Overseas
- Author: Beatriz Williams
- Genre: Historical fiction
- Publisher: G. P. Putnam's Sons
- Publication date: May 10, 2012
- ISBN: 9780399157646

= Overseas (novel) =

2012 historical fiction novel by Beatriz Williams

Overseas is a 2012 historical fiction novel by Beatriz Williams.

== Reception ==
Overseas was generally well received by critics, including a starred review from Publishers Weekly, who wrote, "At heart this is a delicious story about the ultimate romantic fantasy: love that not only triumphs over time and common sense, but, once Kate overcomes Julian’s WWI-era ideas about honor, includes mind-blowing sex."

Kirkus Reviews called Overseas "an engaging romantic debut [that] cheerfully bends the rules to unite soul mates Kate and Julian, separated merely by an ocean, a world war and a century." They further noted that "Williams’ terrific premise proves impossible to sustain, but with her gift for humor, snappy dialogue and swooning romance, there's plenty to enjoy and the promise of more enjoyable escapism to come in future work."

Sarah Johnson, writing for the Historical Novel Society, highlighted Williams's skill at interweaving multiple perspectives and timelines.
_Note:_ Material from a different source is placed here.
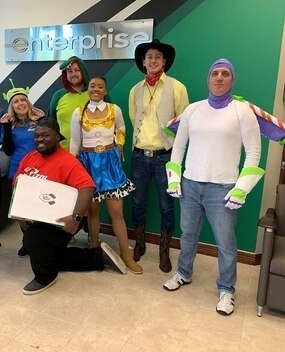 Employees in Toy Story themed Halloween costumes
Johnson also praised Williams's writing skill, calling her "an impressive storyteller." She further noted that "the novel compels with its absorbing dual-period mystery and memorable dialogue, which moves from witty to achingly beautiful. Her dashing, larger-than-life hero fits the classic Edwardian mold; think Rupert Brooke of a sort, but with a less troubled personality and a killer business instinct. I’ll be first in line for whatever she writes next."